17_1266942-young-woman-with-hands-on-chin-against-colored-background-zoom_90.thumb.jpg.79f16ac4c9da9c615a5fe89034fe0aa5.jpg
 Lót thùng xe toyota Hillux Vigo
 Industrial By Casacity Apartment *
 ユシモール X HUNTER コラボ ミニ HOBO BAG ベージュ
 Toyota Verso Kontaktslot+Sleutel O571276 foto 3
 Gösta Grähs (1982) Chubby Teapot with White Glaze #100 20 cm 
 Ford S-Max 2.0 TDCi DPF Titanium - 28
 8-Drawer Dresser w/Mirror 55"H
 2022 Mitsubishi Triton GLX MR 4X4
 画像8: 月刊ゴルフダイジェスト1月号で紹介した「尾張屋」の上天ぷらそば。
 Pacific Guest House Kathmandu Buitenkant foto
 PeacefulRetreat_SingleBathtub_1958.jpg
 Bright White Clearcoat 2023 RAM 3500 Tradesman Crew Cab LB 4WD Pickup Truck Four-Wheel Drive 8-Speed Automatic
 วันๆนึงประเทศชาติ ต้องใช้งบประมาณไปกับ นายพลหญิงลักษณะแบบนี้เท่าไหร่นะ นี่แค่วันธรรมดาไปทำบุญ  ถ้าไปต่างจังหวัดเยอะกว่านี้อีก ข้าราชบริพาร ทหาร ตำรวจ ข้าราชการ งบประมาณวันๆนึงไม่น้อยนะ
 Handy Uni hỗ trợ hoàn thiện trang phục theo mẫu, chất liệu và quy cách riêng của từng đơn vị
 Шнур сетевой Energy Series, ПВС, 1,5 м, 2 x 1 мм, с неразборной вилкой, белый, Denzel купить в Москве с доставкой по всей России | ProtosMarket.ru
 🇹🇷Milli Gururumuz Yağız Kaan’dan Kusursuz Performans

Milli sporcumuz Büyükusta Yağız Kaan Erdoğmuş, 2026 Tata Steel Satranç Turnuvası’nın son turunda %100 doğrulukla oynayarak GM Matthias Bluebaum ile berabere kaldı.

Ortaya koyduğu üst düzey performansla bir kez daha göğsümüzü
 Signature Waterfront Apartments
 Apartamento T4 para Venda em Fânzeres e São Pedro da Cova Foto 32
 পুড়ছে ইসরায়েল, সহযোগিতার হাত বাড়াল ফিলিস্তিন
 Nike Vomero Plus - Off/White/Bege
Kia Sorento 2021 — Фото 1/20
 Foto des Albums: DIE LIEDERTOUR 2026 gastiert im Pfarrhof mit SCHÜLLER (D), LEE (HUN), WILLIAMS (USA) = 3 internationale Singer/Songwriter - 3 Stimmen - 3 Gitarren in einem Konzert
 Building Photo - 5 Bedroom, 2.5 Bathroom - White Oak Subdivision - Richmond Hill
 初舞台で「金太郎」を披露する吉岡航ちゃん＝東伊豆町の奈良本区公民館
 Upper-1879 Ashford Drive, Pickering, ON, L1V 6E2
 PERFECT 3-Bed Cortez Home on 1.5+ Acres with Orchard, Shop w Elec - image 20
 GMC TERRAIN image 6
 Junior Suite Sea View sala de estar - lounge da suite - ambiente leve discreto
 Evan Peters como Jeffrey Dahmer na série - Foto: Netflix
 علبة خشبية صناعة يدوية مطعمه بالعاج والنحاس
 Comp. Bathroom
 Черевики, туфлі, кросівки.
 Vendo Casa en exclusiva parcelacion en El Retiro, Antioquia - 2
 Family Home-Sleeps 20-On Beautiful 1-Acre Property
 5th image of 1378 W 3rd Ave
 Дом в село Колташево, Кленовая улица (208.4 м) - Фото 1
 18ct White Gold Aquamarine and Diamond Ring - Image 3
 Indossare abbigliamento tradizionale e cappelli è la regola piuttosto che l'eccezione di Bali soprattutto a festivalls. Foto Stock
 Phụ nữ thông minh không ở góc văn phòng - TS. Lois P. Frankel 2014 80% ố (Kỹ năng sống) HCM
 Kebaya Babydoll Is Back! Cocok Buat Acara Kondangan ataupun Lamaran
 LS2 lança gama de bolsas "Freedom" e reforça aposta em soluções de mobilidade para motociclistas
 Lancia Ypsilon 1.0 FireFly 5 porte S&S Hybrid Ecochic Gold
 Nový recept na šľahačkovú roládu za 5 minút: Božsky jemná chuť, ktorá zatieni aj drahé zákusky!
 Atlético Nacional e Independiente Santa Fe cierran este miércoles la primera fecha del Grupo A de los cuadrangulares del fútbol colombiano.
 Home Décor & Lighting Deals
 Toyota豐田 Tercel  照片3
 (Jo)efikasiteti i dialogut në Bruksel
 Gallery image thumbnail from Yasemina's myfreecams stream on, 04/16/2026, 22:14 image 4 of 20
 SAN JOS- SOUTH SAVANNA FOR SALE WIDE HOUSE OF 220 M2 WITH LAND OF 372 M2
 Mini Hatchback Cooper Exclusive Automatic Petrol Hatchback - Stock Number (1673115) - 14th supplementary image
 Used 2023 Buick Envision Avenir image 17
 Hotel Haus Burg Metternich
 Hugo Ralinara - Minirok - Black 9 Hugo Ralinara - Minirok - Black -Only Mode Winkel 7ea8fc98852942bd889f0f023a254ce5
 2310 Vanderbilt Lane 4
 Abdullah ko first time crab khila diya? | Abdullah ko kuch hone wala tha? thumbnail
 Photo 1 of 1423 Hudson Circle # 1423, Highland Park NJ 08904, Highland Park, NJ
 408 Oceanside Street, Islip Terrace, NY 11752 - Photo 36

• What to produce: In the material above, find every line with the word "Photo" and show it.

• Your solution:
 Building Photo - 5 Bedroom, 2.5 Bathroom - White Oak Subdivision - Richmond Hill
 Photo 1 of 1423 Hudson Circle # 1423, Highland Park NJ 08904, Highland Park, NJ
 408 Oceanside Street, Islip Terrace, NY 11752 - Photo 36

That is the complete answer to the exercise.